Au cours de la discussion, Heiner Flassbeck a expliqué que la Chine avait mieux compris ces mécanismes que l’UE, dans la mesure où elle investit intensément en même temps qu’elle augmente les salaires. Par ailleurs, il est d’avis que les banques centrales ont échoué à faire comprendre qu’il y a trop d’épargne en rechignant à imposer une politique du taux zéro. Avec d’un côté des salaires en baisse et de l’autre côté d’immenses liquidités sur lesquelles les entreprises restent assises, il y a trop d’argent non investi. En même temps, l’on réévalue certains risques sous l’angle de la nouvelle phobie de la dette publique, de sorte qu’un pays en difficultés voit très vite les taux d’intérêts de ses obligations augmenter de façon telle qu’il s’en trouve handicapé. Et quand il s’agit de sortir de l’impasse, le FMI apparaît et propose immédiatement ses solutions de type néolibéral habituelles. Tout cela montre pour Heiner Flassbeck qu’un autre système global est devenu nécessaire. Dans ce système, les entreprises devraient redevenir les meilleurs débiteurs, ce qui maintiendrait la machine économique en marche. Bref, il s’agit avant tout de "ne pas jouer avec des actifs existants aux jeux de casino boursiers, mais d’en créer des nouveaux".
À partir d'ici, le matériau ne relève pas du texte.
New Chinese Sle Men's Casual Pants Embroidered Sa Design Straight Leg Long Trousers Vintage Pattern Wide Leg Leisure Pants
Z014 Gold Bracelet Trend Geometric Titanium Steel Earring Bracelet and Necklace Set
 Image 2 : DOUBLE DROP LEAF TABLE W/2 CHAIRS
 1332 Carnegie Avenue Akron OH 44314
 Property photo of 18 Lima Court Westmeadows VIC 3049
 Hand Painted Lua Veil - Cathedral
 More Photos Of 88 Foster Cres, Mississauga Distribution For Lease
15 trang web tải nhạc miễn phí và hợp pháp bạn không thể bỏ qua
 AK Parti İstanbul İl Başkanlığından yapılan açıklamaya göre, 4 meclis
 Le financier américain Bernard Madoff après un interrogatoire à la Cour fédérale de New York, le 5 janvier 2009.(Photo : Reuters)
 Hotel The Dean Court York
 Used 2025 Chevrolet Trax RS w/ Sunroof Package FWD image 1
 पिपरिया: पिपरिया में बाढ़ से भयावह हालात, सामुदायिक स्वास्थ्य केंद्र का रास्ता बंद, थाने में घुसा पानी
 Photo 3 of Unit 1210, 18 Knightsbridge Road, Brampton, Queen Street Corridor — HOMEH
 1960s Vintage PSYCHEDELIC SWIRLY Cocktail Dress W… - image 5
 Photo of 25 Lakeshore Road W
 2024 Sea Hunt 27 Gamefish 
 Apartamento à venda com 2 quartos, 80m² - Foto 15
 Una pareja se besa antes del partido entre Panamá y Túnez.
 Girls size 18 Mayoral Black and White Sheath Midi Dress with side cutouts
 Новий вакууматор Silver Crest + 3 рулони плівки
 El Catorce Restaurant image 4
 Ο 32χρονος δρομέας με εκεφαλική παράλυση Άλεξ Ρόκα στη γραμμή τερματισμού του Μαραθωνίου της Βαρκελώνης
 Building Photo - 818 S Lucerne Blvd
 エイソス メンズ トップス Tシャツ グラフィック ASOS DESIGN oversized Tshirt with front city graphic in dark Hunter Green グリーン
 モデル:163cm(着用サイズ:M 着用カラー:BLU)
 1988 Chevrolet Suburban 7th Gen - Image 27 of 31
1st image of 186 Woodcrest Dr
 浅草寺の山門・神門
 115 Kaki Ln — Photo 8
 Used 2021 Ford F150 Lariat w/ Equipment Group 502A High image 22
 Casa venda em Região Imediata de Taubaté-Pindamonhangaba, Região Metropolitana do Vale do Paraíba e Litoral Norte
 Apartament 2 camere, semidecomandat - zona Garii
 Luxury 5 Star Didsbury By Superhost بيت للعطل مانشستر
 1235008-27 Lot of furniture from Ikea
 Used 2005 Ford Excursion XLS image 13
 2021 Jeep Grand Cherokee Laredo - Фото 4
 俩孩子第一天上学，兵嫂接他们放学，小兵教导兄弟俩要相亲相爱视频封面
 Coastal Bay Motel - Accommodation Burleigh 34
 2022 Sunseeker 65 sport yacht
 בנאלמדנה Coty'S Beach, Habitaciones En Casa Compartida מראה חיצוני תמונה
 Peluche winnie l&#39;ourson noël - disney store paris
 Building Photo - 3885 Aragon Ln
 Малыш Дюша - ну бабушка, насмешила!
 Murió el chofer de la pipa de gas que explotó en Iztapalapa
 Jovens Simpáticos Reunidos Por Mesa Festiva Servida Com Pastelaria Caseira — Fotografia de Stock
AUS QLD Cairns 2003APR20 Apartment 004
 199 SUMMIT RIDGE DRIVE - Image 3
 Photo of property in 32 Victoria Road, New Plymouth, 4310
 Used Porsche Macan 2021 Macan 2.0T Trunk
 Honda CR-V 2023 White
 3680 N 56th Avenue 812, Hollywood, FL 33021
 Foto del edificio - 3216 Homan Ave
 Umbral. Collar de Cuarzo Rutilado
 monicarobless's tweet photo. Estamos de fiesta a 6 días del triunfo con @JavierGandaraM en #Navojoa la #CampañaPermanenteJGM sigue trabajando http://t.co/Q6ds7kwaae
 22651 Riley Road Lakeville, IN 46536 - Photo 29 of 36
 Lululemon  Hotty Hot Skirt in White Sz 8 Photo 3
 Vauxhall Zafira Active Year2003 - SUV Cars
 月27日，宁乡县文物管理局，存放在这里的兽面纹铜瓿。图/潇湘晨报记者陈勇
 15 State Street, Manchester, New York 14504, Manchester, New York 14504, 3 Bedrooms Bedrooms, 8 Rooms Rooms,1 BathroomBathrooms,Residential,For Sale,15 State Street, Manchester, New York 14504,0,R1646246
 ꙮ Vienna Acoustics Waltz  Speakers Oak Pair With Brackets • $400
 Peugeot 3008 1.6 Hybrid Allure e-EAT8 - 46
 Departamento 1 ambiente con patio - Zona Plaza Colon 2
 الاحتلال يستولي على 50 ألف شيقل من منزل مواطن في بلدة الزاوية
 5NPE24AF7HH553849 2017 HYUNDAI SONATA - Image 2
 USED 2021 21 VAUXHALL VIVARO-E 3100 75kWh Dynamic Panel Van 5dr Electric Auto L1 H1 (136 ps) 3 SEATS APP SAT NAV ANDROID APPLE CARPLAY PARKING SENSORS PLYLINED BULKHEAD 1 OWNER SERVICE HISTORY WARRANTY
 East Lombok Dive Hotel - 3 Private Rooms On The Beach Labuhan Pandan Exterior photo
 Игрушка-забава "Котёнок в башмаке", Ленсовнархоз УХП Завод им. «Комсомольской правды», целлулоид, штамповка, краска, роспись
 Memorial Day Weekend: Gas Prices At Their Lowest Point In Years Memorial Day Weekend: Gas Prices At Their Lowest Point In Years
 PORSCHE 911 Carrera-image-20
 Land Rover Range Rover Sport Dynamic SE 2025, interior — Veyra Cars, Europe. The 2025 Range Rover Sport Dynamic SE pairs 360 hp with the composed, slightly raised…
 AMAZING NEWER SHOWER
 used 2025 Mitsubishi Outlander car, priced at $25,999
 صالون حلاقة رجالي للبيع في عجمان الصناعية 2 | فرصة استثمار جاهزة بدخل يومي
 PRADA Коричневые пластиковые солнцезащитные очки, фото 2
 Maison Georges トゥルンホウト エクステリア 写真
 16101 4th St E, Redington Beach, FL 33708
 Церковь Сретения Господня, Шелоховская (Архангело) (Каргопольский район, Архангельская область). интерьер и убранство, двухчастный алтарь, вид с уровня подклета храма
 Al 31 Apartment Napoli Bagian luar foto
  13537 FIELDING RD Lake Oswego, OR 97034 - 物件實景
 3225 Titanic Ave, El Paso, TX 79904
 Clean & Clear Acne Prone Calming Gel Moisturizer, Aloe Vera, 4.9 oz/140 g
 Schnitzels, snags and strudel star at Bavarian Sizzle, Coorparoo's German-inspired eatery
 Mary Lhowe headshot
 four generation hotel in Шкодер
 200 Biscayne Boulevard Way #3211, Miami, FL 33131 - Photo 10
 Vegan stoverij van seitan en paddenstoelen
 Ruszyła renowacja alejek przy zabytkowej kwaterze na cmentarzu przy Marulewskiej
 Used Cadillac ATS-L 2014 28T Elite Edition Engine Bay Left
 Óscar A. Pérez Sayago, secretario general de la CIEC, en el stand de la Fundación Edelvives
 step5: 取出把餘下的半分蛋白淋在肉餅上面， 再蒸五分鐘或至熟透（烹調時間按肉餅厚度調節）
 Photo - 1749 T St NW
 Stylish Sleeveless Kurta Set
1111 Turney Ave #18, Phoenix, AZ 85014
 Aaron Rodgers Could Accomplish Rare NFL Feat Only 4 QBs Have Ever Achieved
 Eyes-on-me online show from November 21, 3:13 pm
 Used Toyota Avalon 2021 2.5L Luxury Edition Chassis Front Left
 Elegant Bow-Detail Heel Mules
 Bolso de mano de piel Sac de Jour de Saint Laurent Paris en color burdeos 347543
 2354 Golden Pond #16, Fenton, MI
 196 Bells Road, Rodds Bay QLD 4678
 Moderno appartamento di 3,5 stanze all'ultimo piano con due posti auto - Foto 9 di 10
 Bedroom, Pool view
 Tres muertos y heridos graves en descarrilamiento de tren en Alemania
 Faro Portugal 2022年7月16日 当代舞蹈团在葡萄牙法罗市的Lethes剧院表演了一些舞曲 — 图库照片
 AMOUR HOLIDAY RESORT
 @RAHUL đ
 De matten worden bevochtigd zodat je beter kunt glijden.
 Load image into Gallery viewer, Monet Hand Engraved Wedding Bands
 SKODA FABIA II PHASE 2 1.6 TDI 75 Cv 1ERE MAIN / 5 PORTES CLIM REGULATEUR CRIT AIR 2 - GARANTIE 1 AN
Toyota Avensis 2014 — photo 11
Heiner Flassbeck sur le Luxembourg

tageblattEn marge de la conférence, Heiner Flassbeck a donné une interview au journaliste Christian Muller du Tageblatt. Il y parle aussi du Luxembourg. Il estime ainsi que les salaires au Luxembourg sont trop élevés, notamment le coût salarial unitaire, dont il dit qu’il "a augmenté plus rapidement au Luxembourg qu’en Grèce". Si le Luxembourg a survécu, cela est dû "à sa situation économique particulière", notamment "au poids des banques". Mais cela ne veut pas dire pour lui qu’il faudrait baisser les salaires : "Je suis par principe contre des baisses de salaires. Cela ne fonctionne pas. Cela ne fait que créer du chômage. Les salaires en Allemagne doivent augmenter plus rapidement que les salaires au Luxembourg", conclut-il. Comme la balance des paiements du Luxembourg est excédentaire, il pourrait par ailleurs pratiquer des investissements dans des pays qui ont des problèmes, ce qu’il assortit d’une proposition originale : "Le Luxembourg pourrait par exemple financer tout seul un TGV entre sa capitale et Bruxelles." Quant à la gouvernance européenne et mondiale, Heiner Flassbeck penche en faveur de gouvernements nationaux qui utilisent à fond le potentiel de coordination globale dans une économie globale.